DOUG: You mean besides the ones from you?  You go postal on them again?

Brad: Ahem!  So as I was about to say, Negroponte’s take on the fiber vs. copper debate (which isn’t really a debate so much as a “how soon and how much” topic of discussion) is refreshing and well considered.  He’s very clear about how the course of nature and common sense will be fuel the wheels of change:

“Today, fiber is cheaper than copper, including the cost of the electronics at each end.  If you come across a condition where this is not true, wait a few months, as the prices of fiber connectors, switches, and transducers are plummeting … One way to look at the transition from copper to fiber is to observe that American telephone companies replace roughly 5 percent of their plant each years, and they replace copper with fiber for maintenance and other reasons. While these upgrades are not evenly distributed, it is interesting to note that, at this rate, in just about twenty years the whole country could be fiber.”

This is solid thinking tempered with accurate information, but he only uses this whole discussion of cabling to set up a bigger and better point: available bandwidth will cease to be the key issue that it is today — the content and control of consumable bits will be a measure of their value, not how fast they can be piped into our homes.

DOUG: On the minus side, Negroponte is less objective in his view of the PC industry, and his background as an ivory-tower researcher sometimes colors his view of the options.  He is a big fan of the Macintosh, and he attacks other companies with the same zeal with which he praises Apple.  For example, he slams IBM for using the PC moniker in 1981 “in spite of Apple’s having been on the market more than four years earlier.”  IBM didn’t invent the PC concept, but neither did Apple, and it’s a disservice to the people of Xerox PARC (Palo Alto Research Center), IMSAI, and Altair to ignore their innovations in the early 1970’s.

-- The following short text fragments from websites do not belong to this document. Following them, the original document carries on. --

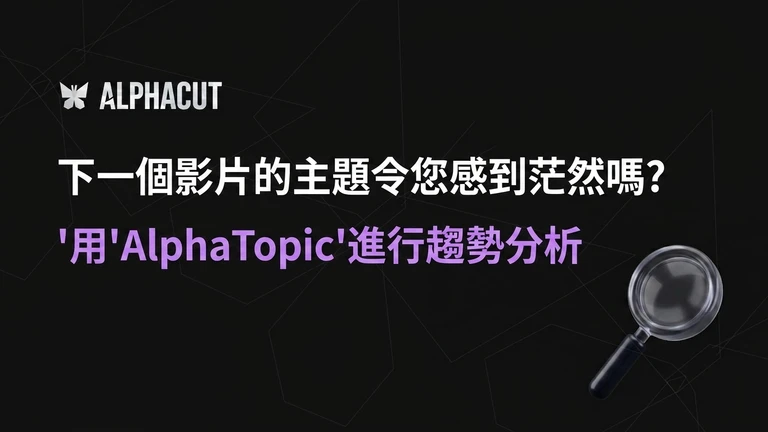 AlphaTopic YouTube 趨勢分析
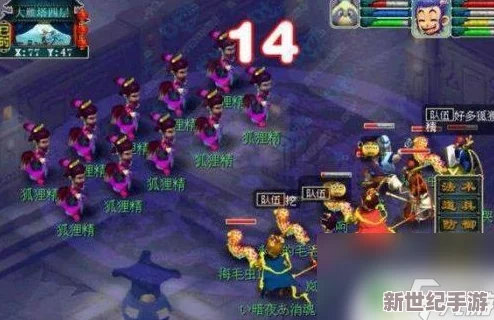 梦幻西游50级至60级快速升级攻略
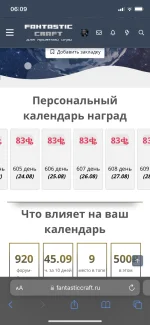C02BD99E-B9F6-4815-94D7-41167BB373E8.webp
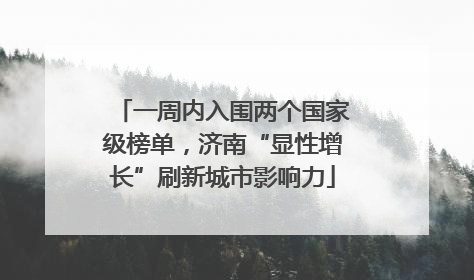 一周内入围两个国家级榜单，济南“显性增长”刷新城市影响力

Negroponte makes a similar statement regarding Microsoft Windows. Yes, those of us working with PC’s in 1983 were surprised when Microsoft decided to name its upcoming operating system Windows, since that was already a generic term in the PC industry at the time.  In fact, after IBM’s “PC” and Microsoft’s “Windows”, people joked that Epson’s next printer would be called “Printer” and Lotus’s next spreadsheet would be called “Spreadsheet”.  But Negroponte’s comment about “Apple’s having had (better) windows more than five years earlier” is misleading:  the windows concept was pioneered at Xerox PARC many years before Apple started using it.   And when Negroponte suggests that imperfect graphics displays are “absolutely unnecessary if hardware and software manufacturers would just use more pixels and throw a little computing power at the problem,” you can’t help wondering whether he has ever paid for a PC with his own money.

BRAD: Nick pay for a PC?  You gotta be kidding, bro!  The only hardware I could see Nick buying with his own dough would be something that says “Apple” on it.

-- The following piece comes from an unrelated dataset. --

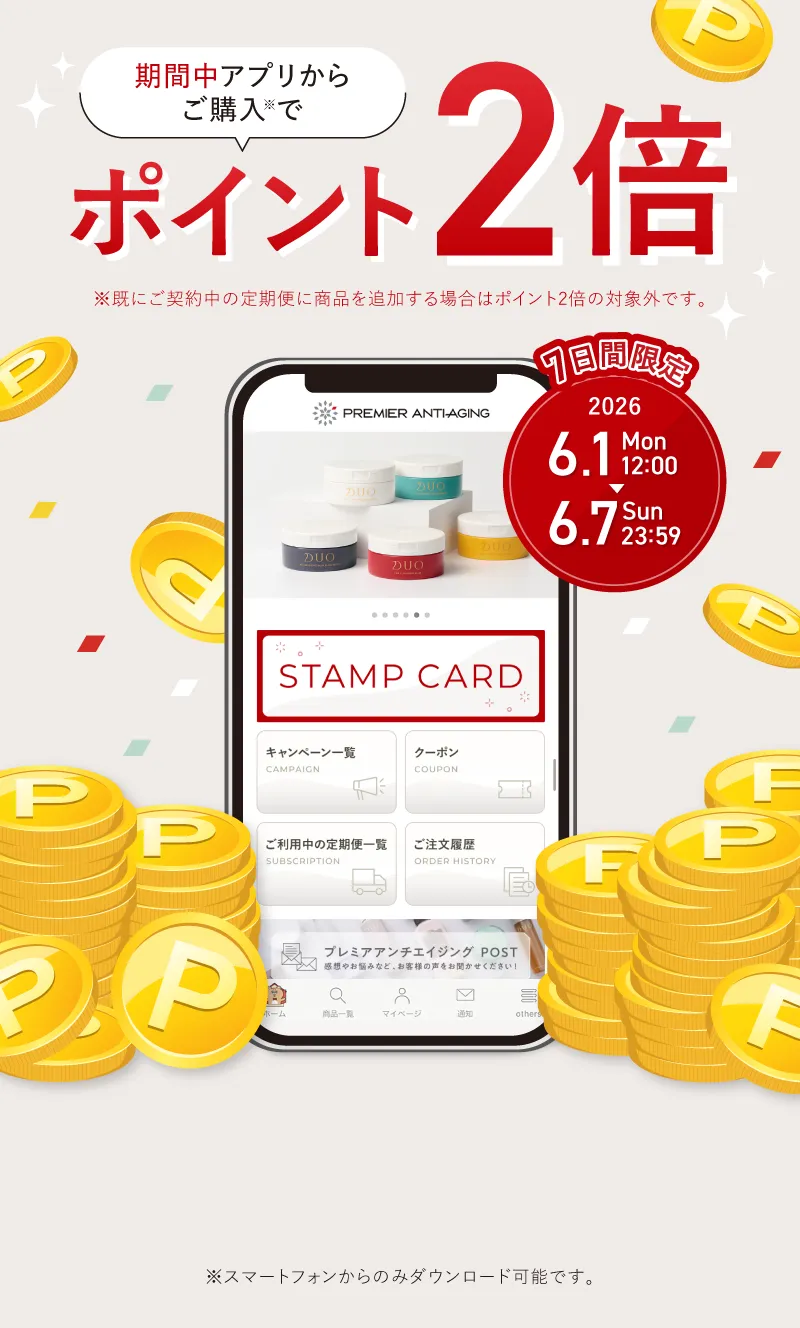 7日間限定 6月1日12:00-6月7日23:59:59まで! プレミアアンチエイジング公式アプリからのご購入でポイント2倍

DOUG: Er, I used the term in its original pre-Jobs, pre-Wozniak connotation: “PC,” a personal computer of any kind.  Sorry for the ambiguity that causes in you Gen-X.5ers — I got out of high school before the Apple sales force pulled up in their BMW’s and explained how you can generate a sum of 666 from a clever mathematical manipulation of the letters “P” and “C.”  Frankly, I wasn’t warned until it was too late.

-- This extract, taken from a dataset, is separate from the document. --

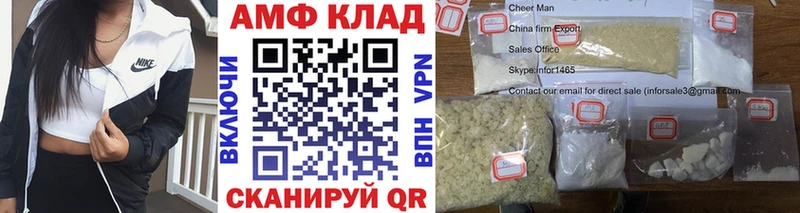 Метамфетамин витя  Новошахтинск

BRAD: Well, since I have effectively twice the experience you do with a Macintosh (I have turned one on and off twice!), I will just say that Nick seems to be missing the boat on why Apple is Apple.  For this, I need to take you all the way back to the Civil War here (bear with me all you Tom Waits fans!): sure, General Robert E. Lee was top notch, first in his class at West Point, etc. etc. And everybody knows Grant was a drunk who preferred doing battle with a deck of cards and a bottle of corn whiskey in hand. But look who won?  My point to this historical non-sequitur:  singularly defined excellence is not enough!  In this industry, you must be pliable and flexible enough to be able to win in less obvious and proud ways too (ask Mitch Kapor, the developer of Lotus 1-2-3).

DOUG: Hey, don’t pick on Mitch, he’s one of my heros!  Long live electronic freedom!

BRAD: Since the whole reason for the success of the PC was its open and cloneable design (which was sort of a Grant-like accident of fate, the exception to the standard Big Blue rule of proprietary development), you’d think Nick would be able to see how Apple’s adaptation of the role of General Robert E. Lee in modern times may have made them a noble and tragic figure for those who care, but in truth only because they chose to preserve the fight for a lost cause (closed systems design) for too long.

DOUG: To paraphrase that famous French philosopher guy, “any man who doesn’t love the Mac at age 20 has no heart, and any man who still loves the Mac at 40 has no brain.”

BRAD: Ou contrare, mon frere!  The Mac hasn’t actually been around long enough to apply both tests to the same person  — by the 20th anniversary of that 1984 Super Bowl spot, we’ll be able to tell which folks have *neither*.  I have my hunches, of course.

DOUG: Me, too.  But these are minor complaints, little quirks in a book full of great ideas like “if you have to test something carefully to see the difference it makes, then it is not making enough of a difference.”  I love this comment, because as you know, I’m still using PKARC 3.5 (the 1987 version) for all routine file compression chores.

BRAD: Give me a break, you can’t use PKARC to de-compress ZIP files, and everybody’s using ZIP files these days, so I *know* you gotta have a copy of PKZIP handy.

DOUG: Yeah, I’ve got it, but that doesn’t mean I like it.  Or use it, unless I have to — sometimes I keep it in an ARC file, PKZIP.ARC, so that I can get at it when I need it, just extract a copy then nuke it.  Hell, I should write a batch file to do all that in one fell swoop, just to be silly.

Anyway, when everybody was excited about that bug in PKZIP a couple years ago, I kept smiling and being so “retro” and using my pathetically outdated PKARC, which has never let me down.  In this type of software, the improvement over the last few years is *marginal*, people: typically less than 30% reduction in compressed file size, and you have to wait longer to compress and de-compress them.  I don’t know about you, but I wouldn’t *walk across the street* for a measly 30% improvement in *anything*. Besides compatibility problems and slower performance, what’s the difference?

“Being Digital” makes a difference, though, by making a important technical issues easily understandable for everyone.  It’s full of great stories and insightful observations.  The author seems to have learned the history of the PC industry from Apple’s press releases, but his view of the future is bold and compelling.  A good read.

BRAD: Damn, I got to agree with my big brother on that one … thumbs up and all the rest.  I will, however, argue his introductory claim that this is “the is the most talked-about layman’s book on computer technology of last year” — we all know that Bill Gates’s “The Road Ahead” would unfortunately have to win that title hands down, but “Being Digital” SHOULD be the most talked-about layman’s book on computer technology of the past year.

DOUG: I only know what my clients tell me.  I heard two of them rave about Nick’s book last year, which is twice as many as I heard rave about any other book on technology.  That makes it “the most talked about technology book on the West side of Chicago,” if nothing else.

BRAD: I’d love to carry on about the average reading level of your clients, but that’s a topic for another day.  We’re outta time.